Debido a la tortuosa tramitología y los impuestos que implica abrir un nuevo establecimiento (sin contar con el permiso respectivo) la gente prefiere trabajar en la clandestinidad, por ello y no por otra cosa algunas tiendas expenden bebidas embriagantes detrás del mostrador, en la trastienda.
Algunas son conocidas por las mismas autoridades municipales y son frecuentemente concurridas por personas de estratos socioeconómicos diversos. Las hay pequeñas, pero en ocasiones la trastienda es más grande que la tienda misma.
De ahí que se diga que una tienda u otra negociación es solo la fachada para otro giro comercial: una cantina disfrazada de tienda, se escucha decir.
Los mexicanos tenemos la atávica propensión a la clandestinidad, que en cierta forma es una defensa ante las autoridades, siempre dispuestas a incarle el diente al ciudadano. Por supuesto que la clandestinidad tiene variaciones perversas: corrupción, piratería, por solo citar las más visibles y más devastadoras.
De esta manera, los propietarios de las tiendas de la esquina abren la puerta trasera y habilitan el patio como centro de reunión para quienes así lo deseen. En poco tiempo la voz se corre y el lugar pronto se convierte en referencial en el barrio, en la colonia.
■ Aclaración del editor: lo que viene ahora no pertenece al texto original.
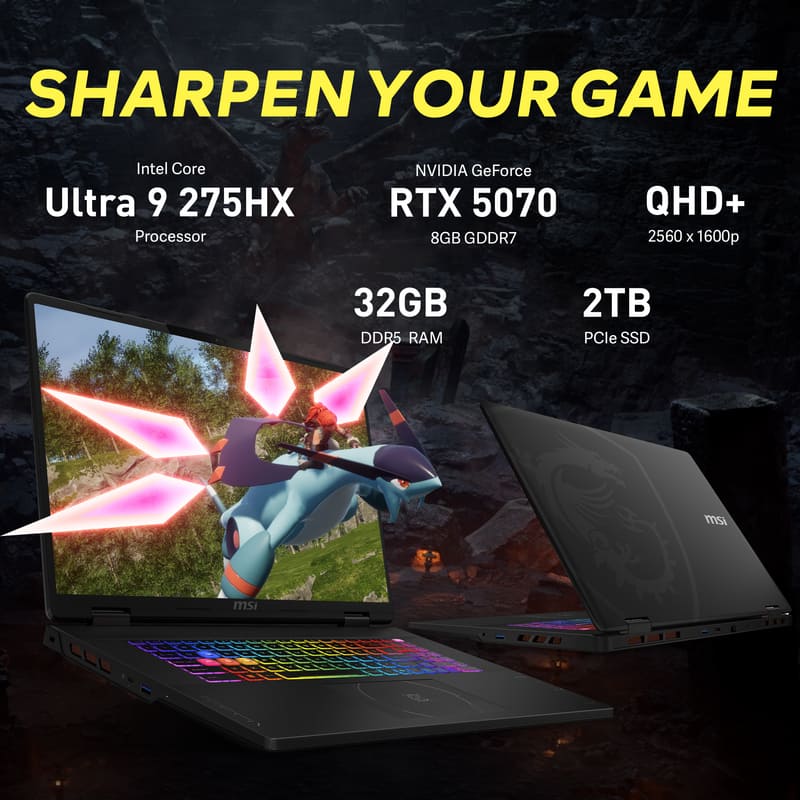 MSI - Upgraded - Crosshair 18" 240Hz Gaming Laptop,Intel Ultra 9 275HX,GeForce RTX 5070,32GB RAM,2TB SSD+1TB Dock Set,Win 11 - Black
No es difícil convertir un patio en una cantina, todo es cuestión de ingenio y buena intuición para el aprovechamiento del espacio. Tocones, cajas de refresco, piedras son excelentes para improvisar sillas y mesas.
Pero ¿Por qué sufrir incomodidades habiendo cantinas? La respuesta es más que obvia: por los precios. Por supuesto que el parroquiano no tiene derecho a botana a no ser que la compre en la tienda o bien, la lleve con permiso expreso del dueño o propietaria.
La existencia de una trastienda implica que vecinos inicien una serie de rumores y protestas; por ello el propietario cuida mucho que los parroquianos no hagan desmanes dentro y fuera de la miscelánea.
Hay, también, trastienda sin tienda: cantinas clandestinas que gozan de la preferencia del barrio y su fama llega aún más lejos; de hecho algún regidor, un funcionario municipal sabe de su existencia pero mantiene el secreto. Secreto a voces porque solo los que no acostumbran beber desconocen su paradero.
Tras el mostrador la vigilante mirada del propietario mantiene a los contertulios en calma. Como en toda cantina, pero más en éstas de arrabal, personas que nunca habían intercambiado palabra, empiezan a forjar una amistad que en poco tiempo se convertirá en duradera.
Tales cantinas, aunque usted no lo crea y las autoridades municipales mantengan cerrados los ojos, son mucho más de lo que pudiera pensarse. Y sin embargo, son necesarias.